ChatGPTAdvent Calendar 2024

ChatGPTにリポジトリの中身を理解してもらうためのMarkdownファイルを出力するスクリプトを作ってみた

Last updated at 2024-11-16Posted at 2024-11-16

Githubのリポジトリの中身をChatGPTが理解しやすいMarkdown形式で出力するPythonスクリプトを作成しました。このスクリプトを使えば、ChatGPTを使ってリポジトリのコードを解析したり、Issueの解決方法を相談したりできます。

スクリプト

以下が作成したスクリプトです。このスクリプトは、指定したリポジトリ内のコードを再帰的に読み込み、Markdown形式で出力します。

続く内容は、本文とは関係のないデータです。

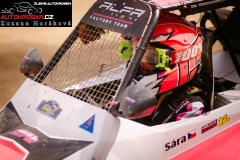 2026-mcr-humpolec-zuzana-horakova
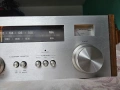 Стерео ресийвър Sony STR-1800, снимка 4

また、ファイルサイズが10MBを超えないように分割します。

import os

def write_code_to_markdown_split(repo_path, output_dir, max_size_mb=10):
    """
    リポジトリ内のソースコードを再帰的に読み込み、
    Markdown形式で10MB未満のファイルに分割して出力するスクリプト。
    """
    if not os.path.exists(output_dir):
        os.makedirs(output_dir)

    current_file_size = 0
    file_counter = 1
    current_md_file = None

    def open_new_md_file():
        """
        新しいMarkdownファイルを開き、そのハンドルとパスを返す。
        """
        nonlocal file_counter, current_file_size
        file_path = os.path.join(output_dir, f"repository_code_part_{file_counter}.md")
        md_file = open(file_path, "w", encoding="utf-8")
        md_file.write("# Repository Code Overview\n\n")
        md_file.write(f"Source: `{repo_path}`\n\n")
        current_file_size = 0
        file_counter += 1
        return md_file, file_path

    # 最初のMarkdownファイルを開く
    current_md_file, current_file_path = open_new_md_file()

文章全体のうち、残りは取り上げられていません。